• by Paul Slocumb •
In East Texas, the school bus ride from Rye to Hardin takes about an hour each way—plenty of time for a kid from a pine-tree town to ponder her future. Rye’s Brandy Snyder made that bus trip to and from Hardin High School almost every school day for four years in the late 1990s, and she came up with a plan: attend Baylor University, become a teacher, have a shorter commute.
“The school bus wasn’t too exciting,” said Snyder who was named Sul Ross Associate Dean of Students on August 1. “The more vivid memory is getting to the bus from our house during the first couple of years we lived there. We were the only house down a red clay road. Our vehicles created ruts, and threw mud in rooster tails. Fairly consistently, our jeep would high-center on the road, which left us walking that half mile until the dry season returned. The first few years we lived in Rye, we couldn’t afford mud boots. So, my ingenious mom saved bread bags for us. We would cover our shoes and pants legs with the bread bags and ‘secure’ them in place with rubber bands at the top of our calves. This is the story that comes to mind when people tell me they, ‘walked uphill both ways in the snow.’ My story’s legit, though. Do you want my mom’s number?” she asked with a laugh.
“No, actually, those years were rough,” she added. “But they are a big part of who I am today. Those experiences made me work harder, take nothing for granted, and believe that I could accomplish things. I’m still working at it every day!”
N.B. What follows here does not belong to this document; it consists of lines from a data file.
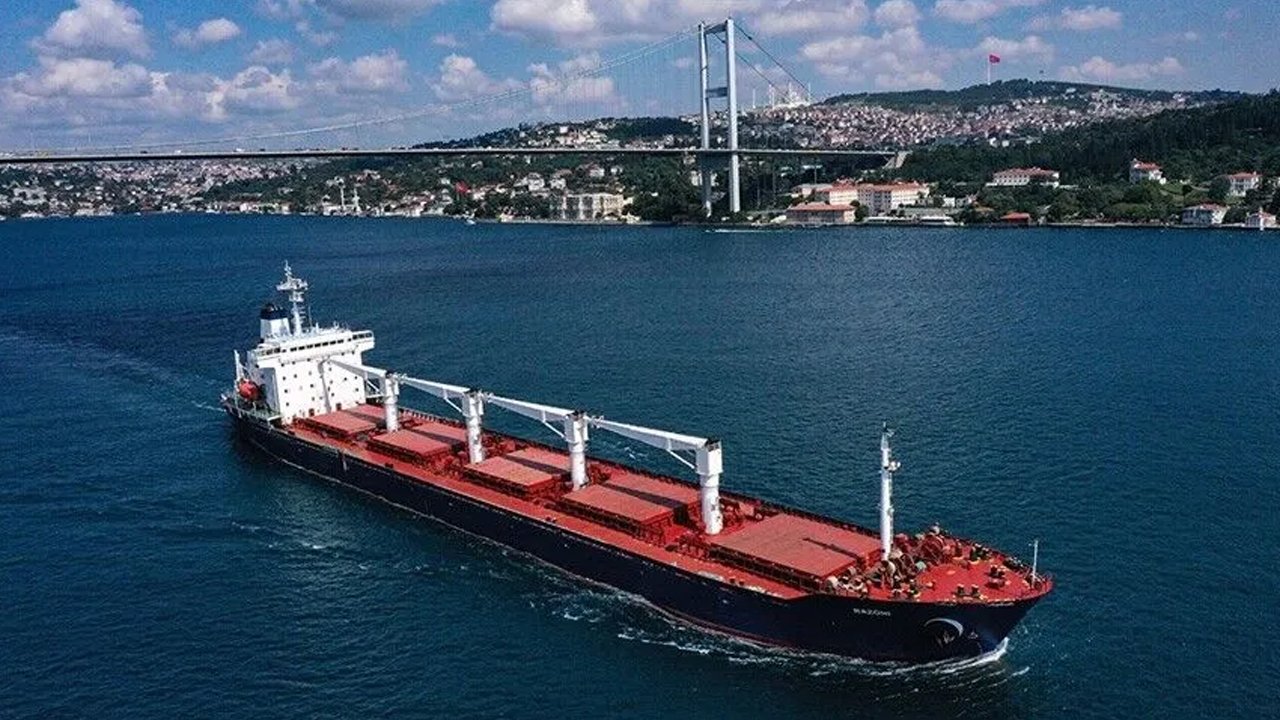 Türk boğazlarından geçen gemi sayısı belli oldu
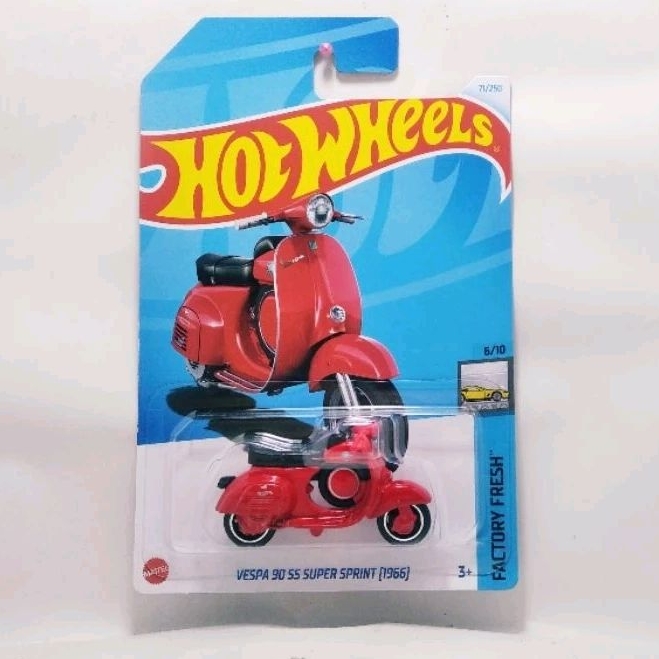 Hot Wheels diecast Hotwheels Vespa 90 SS Super Sprint merah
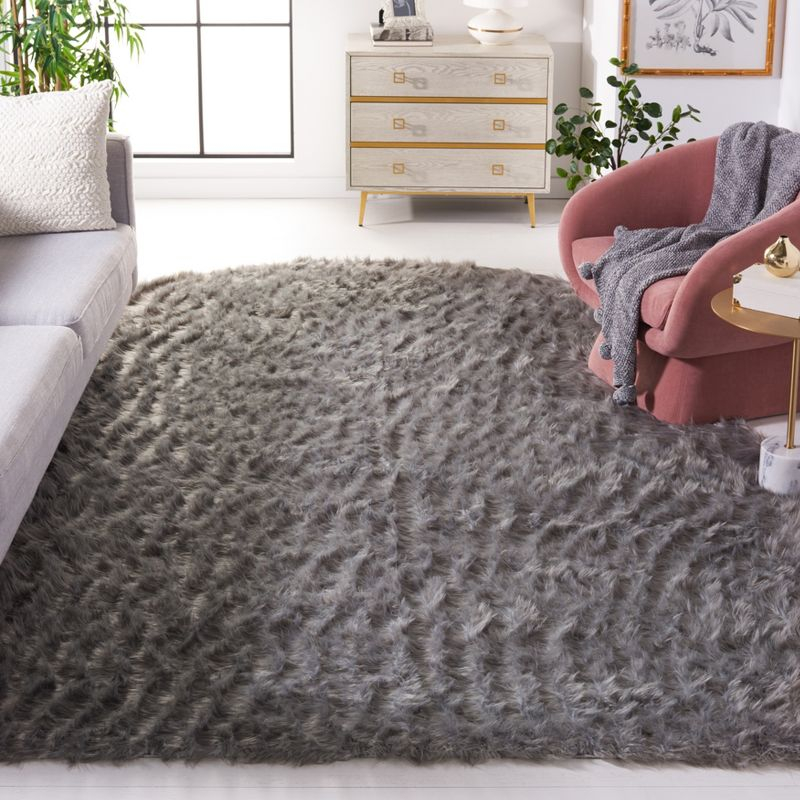 Faux Sheep Skin FSS118 Power Loomed Area Rug - Dark Grey - 8'x10' - Safavieh.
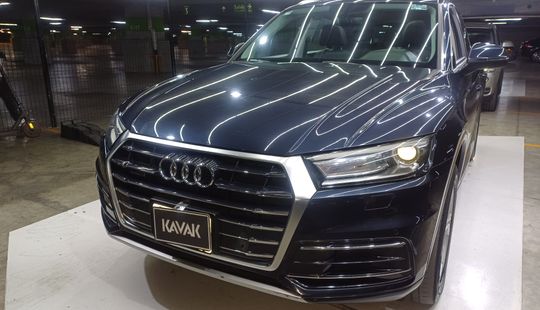 Audi • Q5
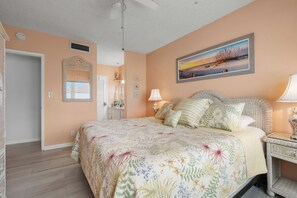 2 chambres, fer et planche Ă repasser, Wi-Fi gratuit, draps fournis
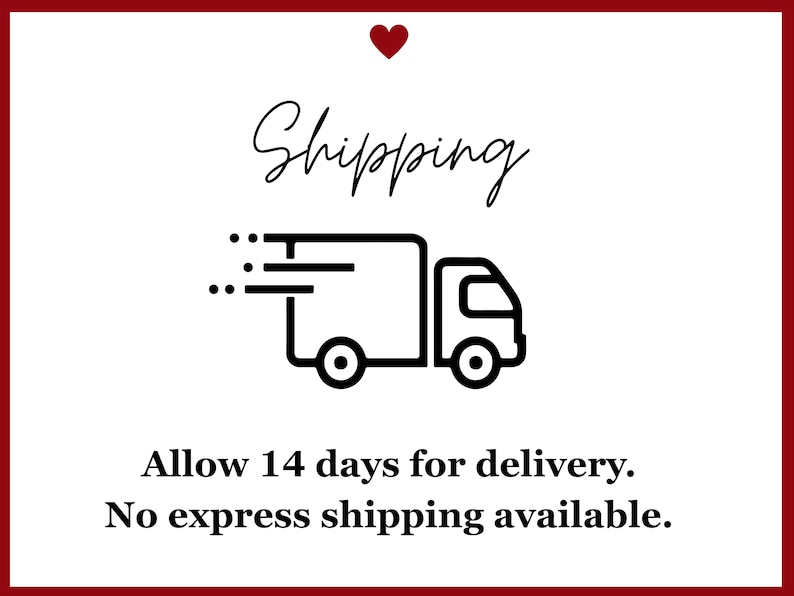 Puede incluir: Fondo blanco con borde rojo y coraz&oacute;n rojo en la parte superior. La palabra "Shipping" est&aacute; escrita en cursiva. Debajo, un gr&aacute;fico en blanco y negro de un cami&oacute;n de reparto.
Snyder began building her work-ethic resume in college where she worked as a resident assistant while majoring in education at Baylor University. After earning her bachelor’s degree in 2002, Snyder’s drive to become a teacher took a slight detour. Baylor offered to pay her tuition for a master’s degree in education with one catch: she had to work 20 hours a week as a graduate assistant in the Campus Living & Learning Office.
“When I got the offer, I asked a lot of questions and lost a lot of sleep,” she said. “I just couldn’t believe there was such a great opportunity for me other than teaching.
“Processing my options for a few days, I realized I could make a career out of working with college students, which I had enjoyed as a resident assistant. Once I got my brain to accept that the teaching route I had planned wasn’t written in concrete, there was no question I was making the correct choice. I haven’t regretted it for a day. I love what I do.”
Six years after she earned her master’s degree, Sul Ross hired Snyder to be Director of Residential Living. And one year later, she found a way to integrate teaching back into her schedule after becoming Associate Director of the Lobo Den. Working in the University’s center for first and second-year students, Snyder began assisting with a new Seminar course designed to help college freshmen succeed.
Just as she had foreseen early in life, teaching came with rewards.
“Seminar impacts on the students can feel small at first, but they truly have significant effects. Quiet, shy students want to come out of their shells and connect; they just need the opportunity to do so. With each new Seminar class, I’ve tried to find new ways of structuring that opportunity. For me, FYS has reaffirmed the fact that our students do not come from a one-size-fits-all experience. We need to provide a varied experience to meet their needs.”
Despite the new title and increased responsibilities, Snyder plans on continuing to teach the Seminar.
“The opportunity to get to know the new Lobos and ensure they’ve been introduced to the skill sets that can make them successful is very important to me,” she said. “Another positive is the ability to see them walk across the stage four years later at the end of the journey. I’m getting smile lines around my eyes from the pride I experience on those nights at graduation!”